Pipeline as Code defines CI/CD pipelines as configuration files stored in the repository rather than configured through a web UI. GitHub Actions workflows (.github/workflows/*.yml), Jenkins Jenkinsfile, and GitLab CI .gitlab-ci.yml are all expressions of this principle. A pipeline defined in a file can be reviewed, branched, and rolled back. A pipeline configured only through a web UI is a manual artifact with no history.

Design as Code covers design tokens - the color palette, typography scale, spacing system, and other design primitives of a product - defined as JSON or TypeScript constants. Tools like Style Dictionary compile token files into platform-specific outputs: CSS custom properties, iOS Swift constants, Android XML resources. When a brand color changes, the change propagates to all platforms from a single commit. Figma’s token plugins and integration with design token repositories are moving design systems closer to this model.

Video as Code applies the principle to motion graphics, product demos, and explainer animations. Remotion is the most developed tool in this space: React components render to video frames, animations are expressed as pure functions of frame number and input data, and the entire project is a TypeScript repository. A video built with Remotion can be reviewed as a pull request, parameterised with different content, rendered to multiple output formats from a single command, and rebuilt exactly by anyone who checks out the repository. For content that is structural and data-driven, such as product demos, data visualizations, and marketing variants, this approach replaces manual editing with a reproducible build process.

The Cultural Shift

Adopting these practices requires a change in how teams think about the artifacts they produce. The transition is not purely technical.
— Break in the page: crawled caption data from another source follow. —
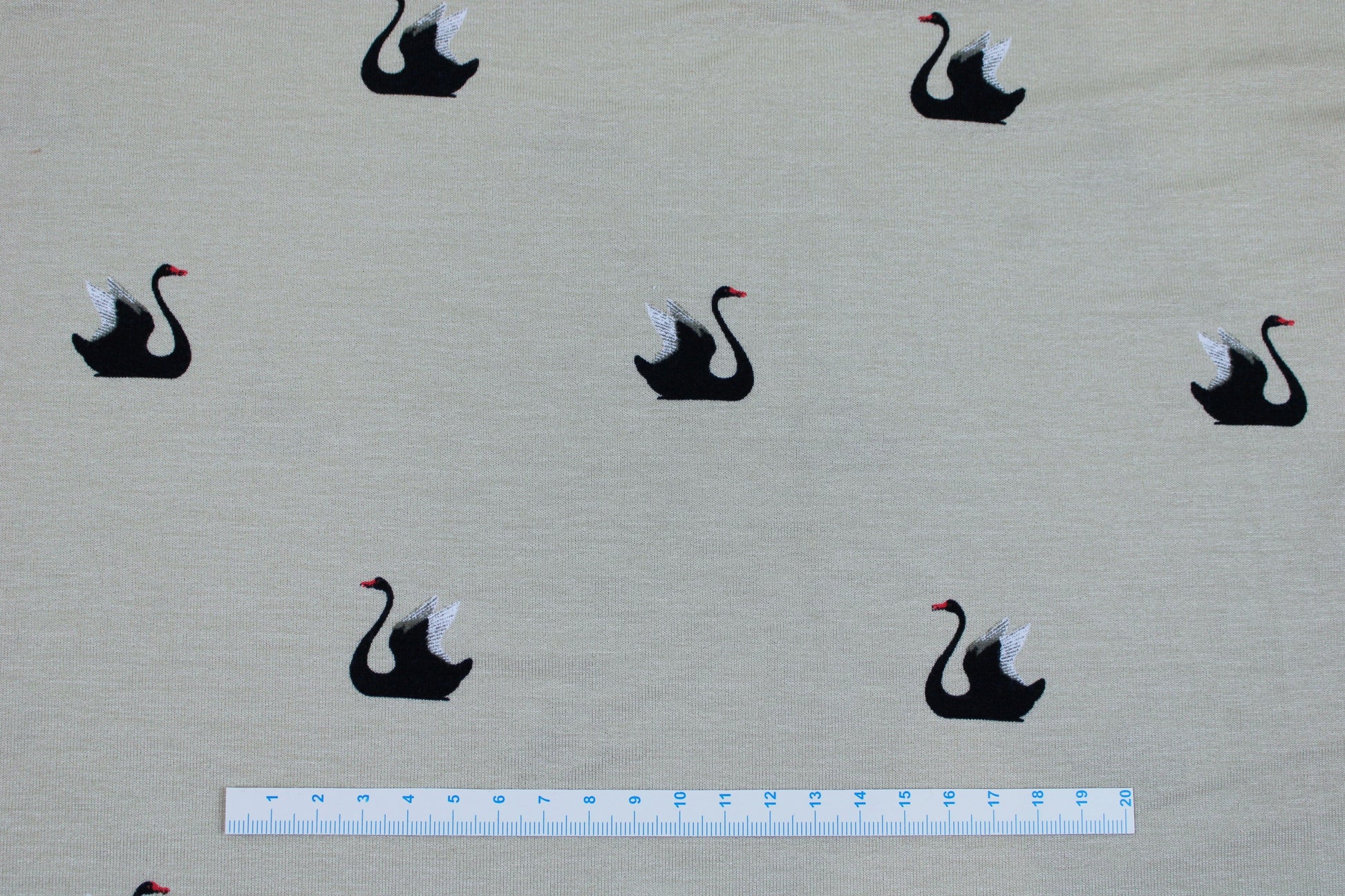 Weich fallender Viskosejersey in beige mit Schwänen Maßstab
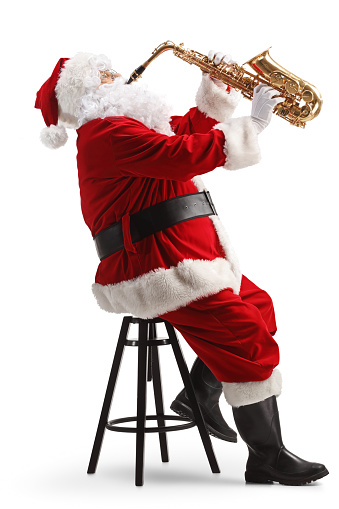 Full length profile shot of Santa Claus sitting on a chair and playing a saxophone isolated on white background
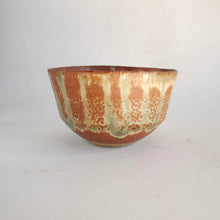 Ceramic bowl with brown and green glaze on a white background
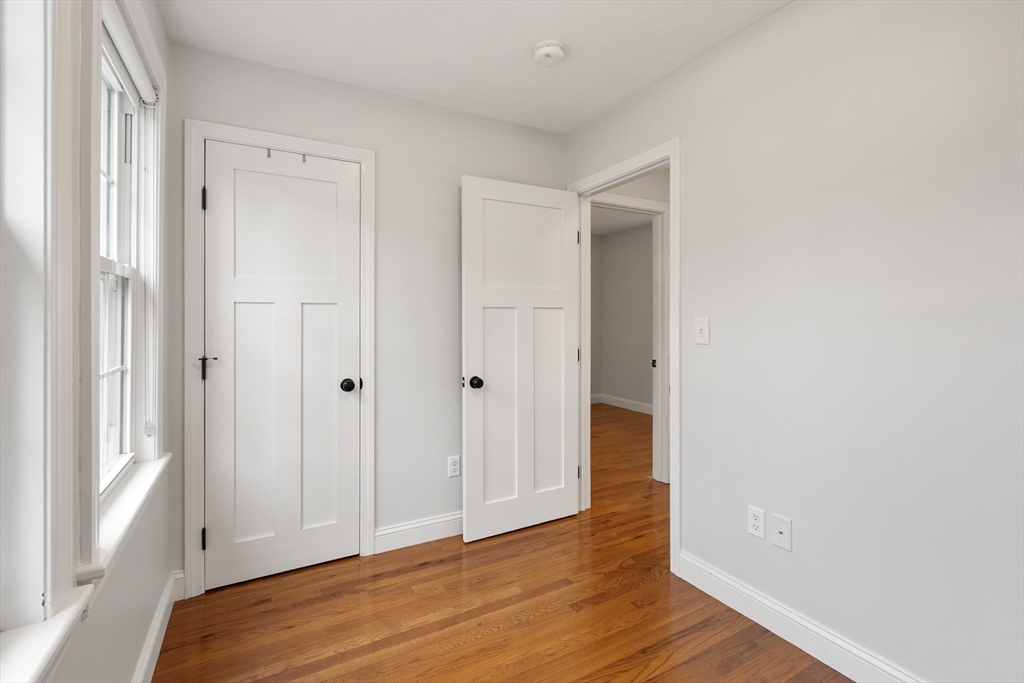 166 Parker Street, Unit 4 Maynard, MA 01754 - Photo 26 of 37 a view of hallway with wooden floor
The primary resistance is usually the learning curve of writing code for tasks that previously required no code. Setting up a CloudFormation stack the first time takes longer than clicking through the AWS console. Writing a Hugo Markdown article requires understanding frontmatter; editing a Confluence page does not. The return on this investment comes at the second instance, not the first: the second environment provisioned, the second time someone needs to find who changed a document, the second time a video variant needs to be produced.

A subtler resistance is the discomfort of applying software engineering rigour to domains that have not traditionally had it. Operations teams sometimes resist code review for infrastructure changes because they are accustomed to making changes directly. The shift requires trust in tooling and in process, and it requires that the tooling actually work.
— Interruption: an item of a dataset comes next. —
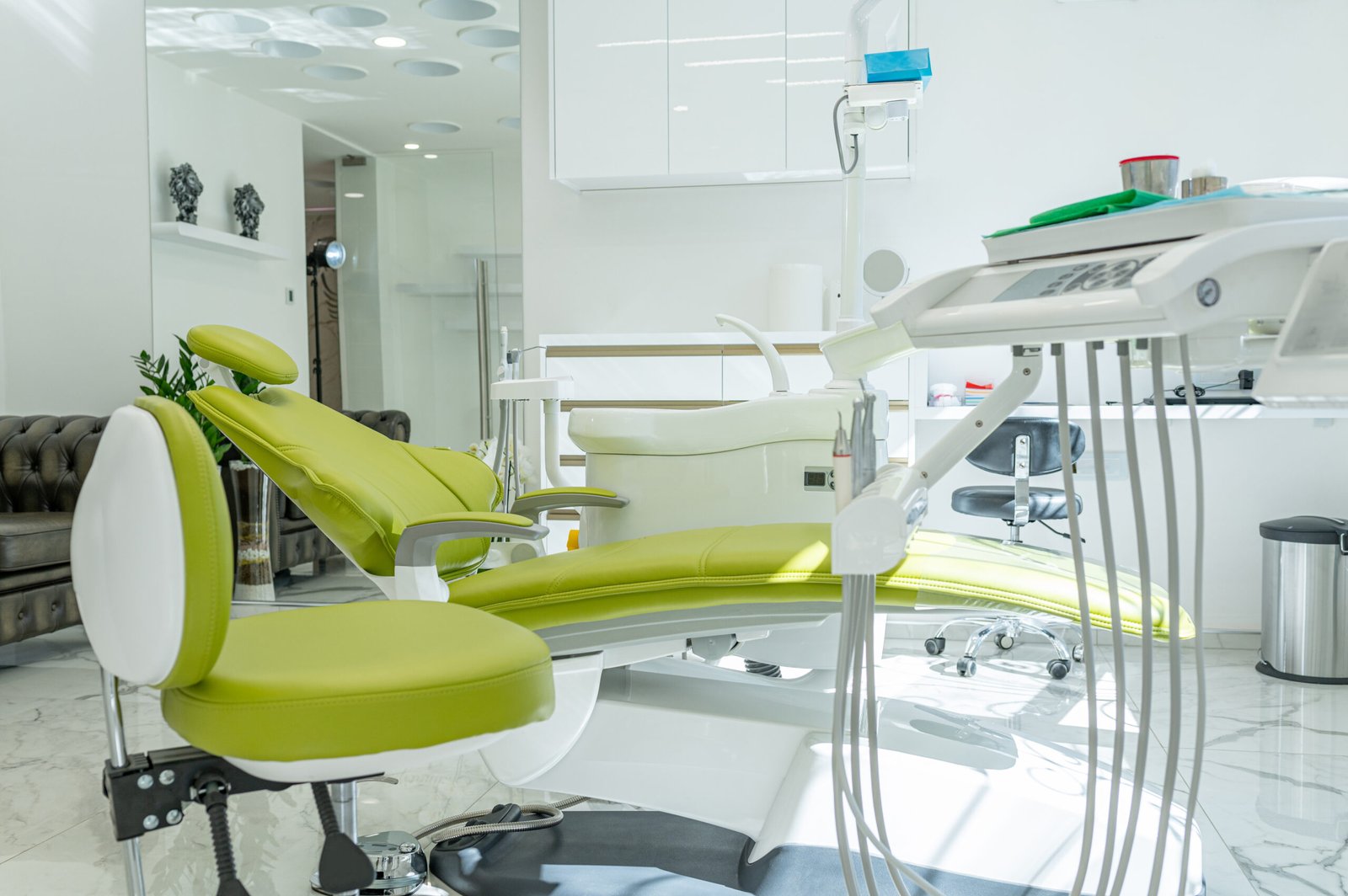 Stomatological instrument in dentists clinic. Dentist tools attached to a dental chair.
The teams where these practices spread most naturally are those where the same people own multiple domains: engineers who write application code, manage infrastructure, write documentation, and create demo content. When the same person does all of these things, the appeal of a single workflow - git commit, pull request, merge, deploy - is obvious. When these responsibilities are separated across specialised teams, the coordination cost of adopting shared workflows is higher.

Where the Boundary Is

Not everything benefits from being expressed as code. Content that is inherently unstructured, subjective, or dependent on human creative judgment does not gain much from being stored as text files. A product strategy document is a meaningful artifact but it is not parameterised, not rendered by a pipeline, and not reproducible from inputs - there is no build process to automate. Storing it in a git repository adds auditability but none of the other properties.

The useful test is: does this artifact have a build process? If yes, can that build process be automated? If the artifact is currently produced by a human clicking through a tool rather than by a deterministic transformation of inputs, then expressing it as code is likely worth investigating. If it is produced by genuine human judgment that cannot be specified as a function, the overhead of code-based tooling adds friction without adding value.

Infrastructure, policies, documentation, pipelines, design tokens, and programmatic video all pass this test. They are built from defined inputs by a deterministic process. Making that process explicit in code is the contribution of the everything-as-code principle.